When Bryan Dorsey took over as superintendent at Georgia’s Gilmer County Schools at the beginning of this year, he was excited for the challenge. Taking the post vacated by the retiring Randy Parson, he knows the job won’t be easy, but he also knows the groundwork has been laid for a successful future.
“There are a lot of great people here, it is a beautiful area, and it is a great place for a school system to flourish,” said Dorsey. “Some places just have sayings about lifelong learners and learning communities, but I feel at heart that this is a school system where we can put that in place. I hope to carry some of the things I’ve learned in my career as a teacher and principal into this position and that we will have a great school system.”
Located in Ellijay, Ga., Gilmer County Schools serves a diverse population of more than 4,300 students. About an hour and a half from Atlanta, the school system has nine schools and works to educate lifelong learners through first class schools that empower all students to graduate prepared for higher education and careers.
Operating on a philosophy that all students can learn if each student is provided with the opportunity to learn and a safe school environment, Gilmer County Schools shares the responsibility for education with parents and the wider community. The school system employs a qualified and motivated staff, and it maintains a responsiveness to change.
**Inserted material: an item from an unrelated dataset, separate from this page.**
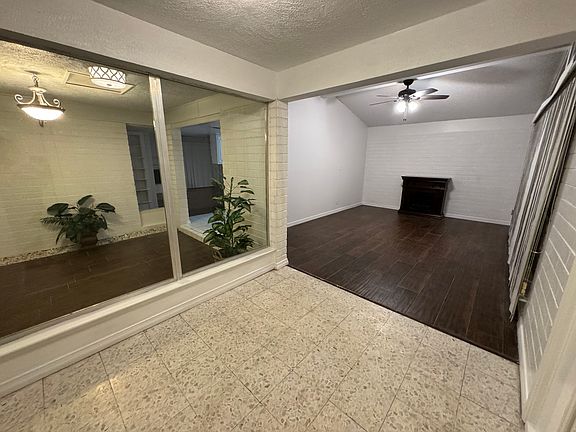 3rd image of 10240 Luella Ave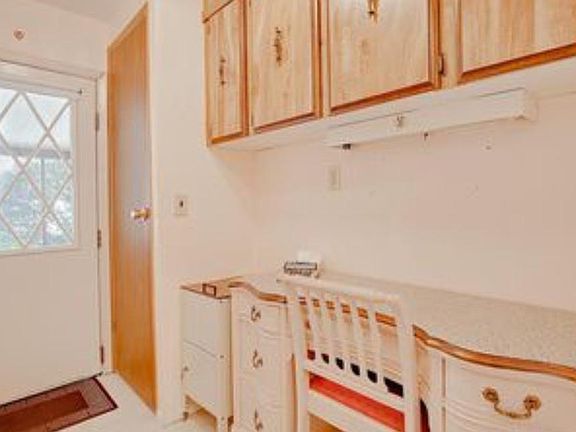 5th image of 1018 Karney Dr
Academically, Gilmer educators use research-based strategies to improve instruction, and the school system has installed learning focused strategies into its methodology. All classrooms take advantage of instructional technology, and all schools are networked.
High school and middle school curriculum include robust vocational and connections programs as well as comprehensive educational programming, from special education and gifted education to honors and AP courses and beyond. Gilmer County Schools is designated a Super District for Quality Schools, as all its schools are accredited by the Southern Association of Colleges and Schools.
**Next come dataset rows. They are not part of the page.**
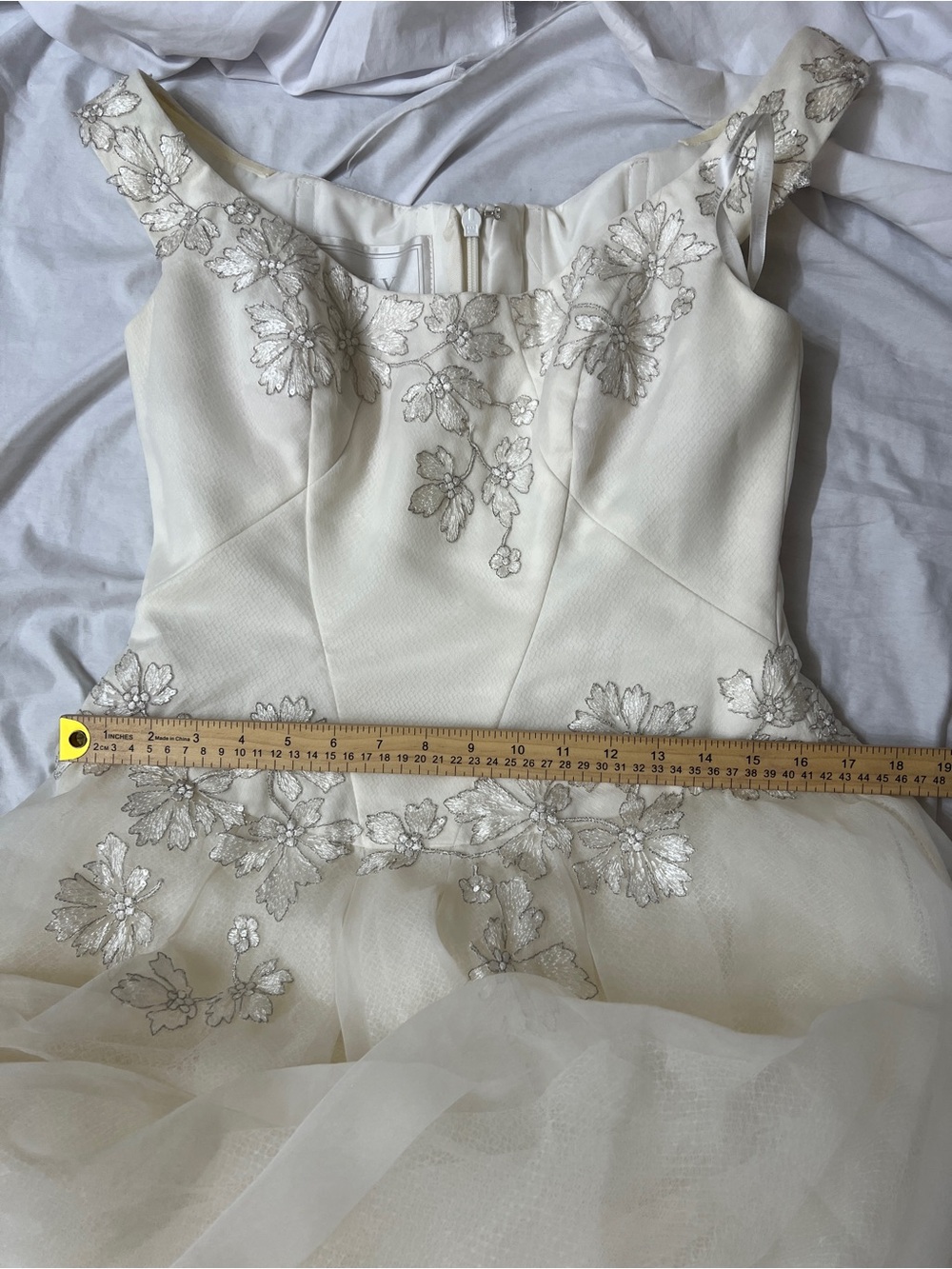 Zac Posen Off-the-Shoulder ivory Bridal Ball Gown - Picture 11 of 12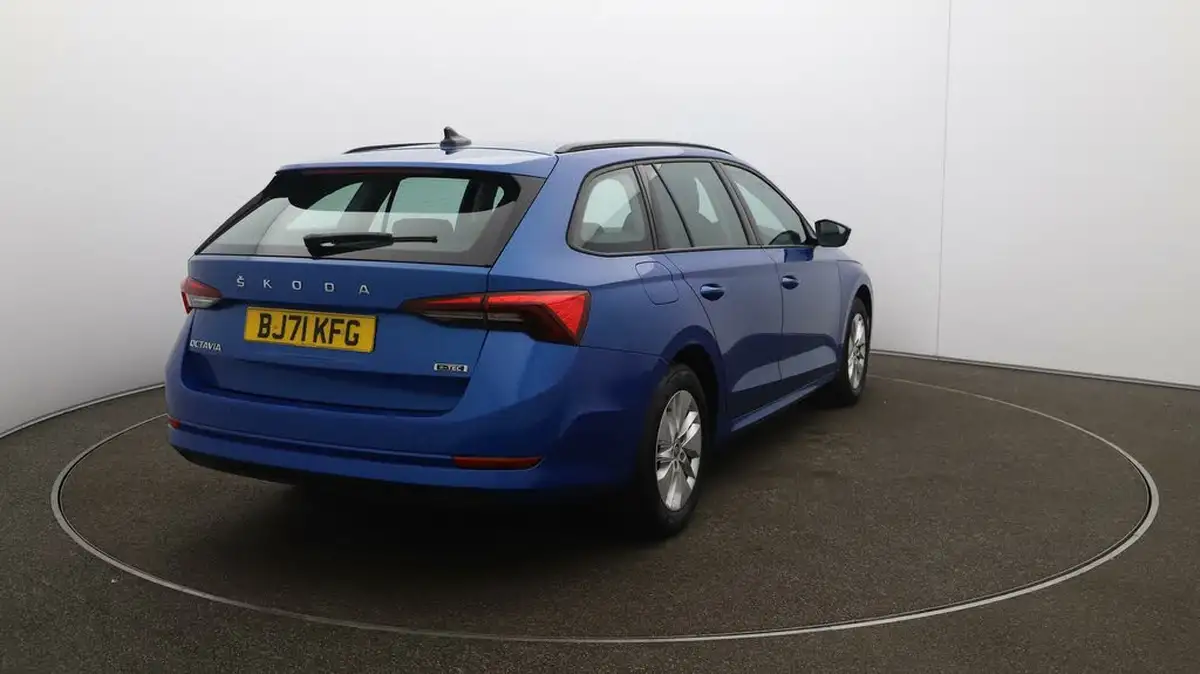 2021-skoda-octavia-big-47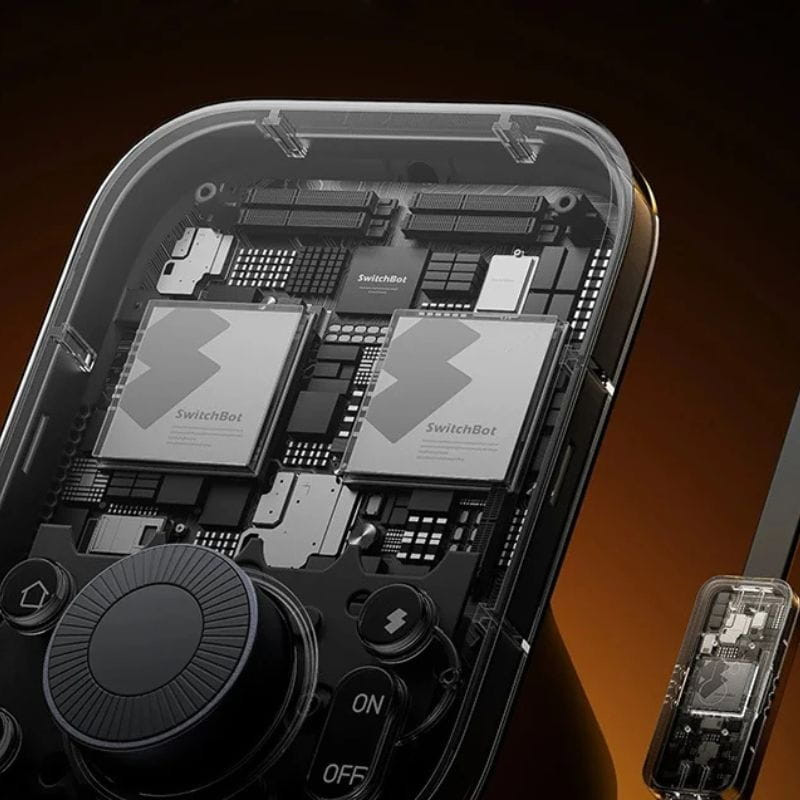 Central inteligente SwitchBot Hub 3 com capa transparente, placas expostas, dois chips marcados, botão giratório e controles ON/OFF destacados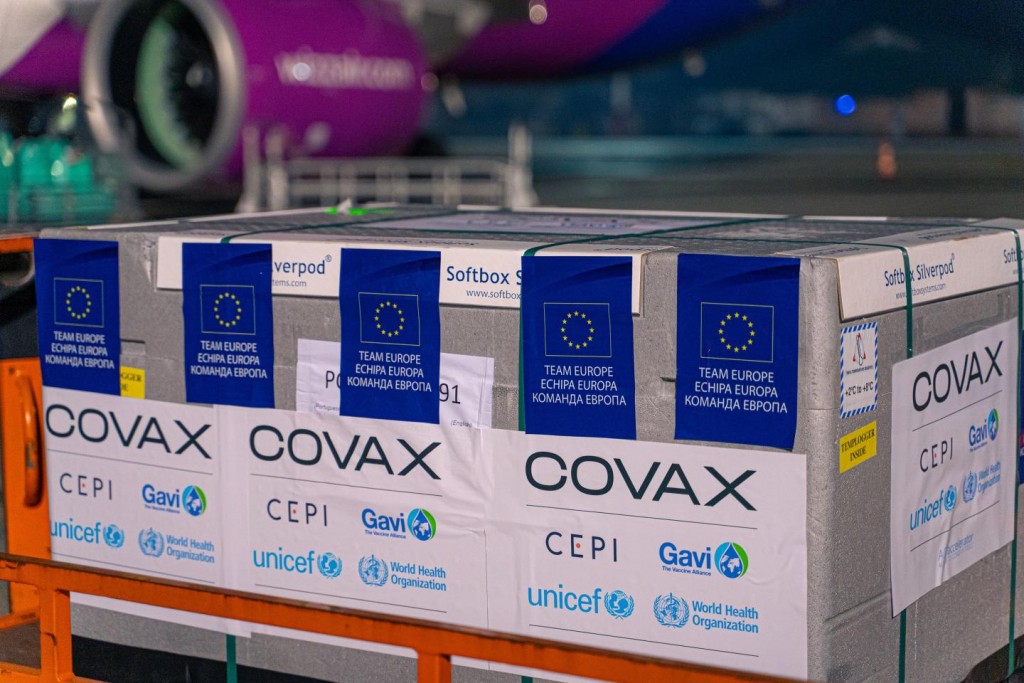 Asian countries scramble for COVID-19 vaccine supplies after India export curbs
Dorsey said the system’s largest concerted effort has been focused on reading, using a Reading First program and seeing some improvement as a result. Now, along with the entire state, Dorsey said improving mathematics is a top priority.
“As someone who believes in the importance of core curriculum, I want to see us focus on creating problem solvers,” he said. “School systems in general have grown accustomed to separating ideas and subjects so much that sometimes we lose site of the totality of putting all these academic programs to work. I’d like to see more integration with total programming as far as how kids apply math, science, reading, and writing when they are working on projects.”
Thanks to a 2001 Special Purpose Local Option Sales Tax, the school system was able to open the Mountain View Elementary school in 2003 as well as making additions and renovations to other facilities. In addition, a Headstart/preK facility opened in 2004, and the school system purchased more property for a new middle school and additional expansion.
Followed by a 2004 Special Purpose Local Option Sales Tax, the district subsequently invested in new gym floors for Ellijay Primary, Ellijay Elementary, and Oakland Elementary; bleachers at the high school stadium; softball fields and baseball fields with lighting; classrooms and a multi-purpose facility at Gilmer High School; and completed the new middle school, Clear Creek Middle School.
“We’ve got one school that is still undergoing some renovations, but we are in good shape facility-wise,” said Dorsey. “The current economic situation has us trying to figure out exactly how we can restructure our school system. We are looking at how we are using our facilities to see if there is a better way to provide service to our community while reducing our operating costs.”
Dorsey said technology is one area where Gilmer County Schools would like to improve. The district is looking at applying for funding to upgrade wireless access in the school system and considering how to upgrade its entire technology infrastructure. The school system also recently launched a new website as well.
“It seems to me to be a very friendly site, and we’re seeing just how much people are turning to technology to get information from us, whether it is information on bad weather days or linking different information to Facebook,” said Dorsey. “Easy access to information is one thing that new site is helping us provide.”
Overall, Dorsey has found the relationship between the community and the school system to be strong. Fostering even stronger ties is one of his goals, and he thinks complete transparency including open discussions about budgetary and other challenges while celebrating success can help him do that.
As the school district works to ensure educating lifelong learners is more than just a slogan, everything comes down to the environment it’s providing students and teachers. Although his tenure is just beginning, Dorsey’s long-term hope is that when his tenure eventually ends that Gilmer County Schools, its community can look back on his time as superintendent and recognize that such a supportive environment was built on and maintained.
“Our leadership must provide that purpose and that is something I strive for,” said Dorsey. “The relationships we have are important, especially in this kind of economy, and it is important that we all remember that our purpose is to educate students and provide them with the information and skill sets they need in life.”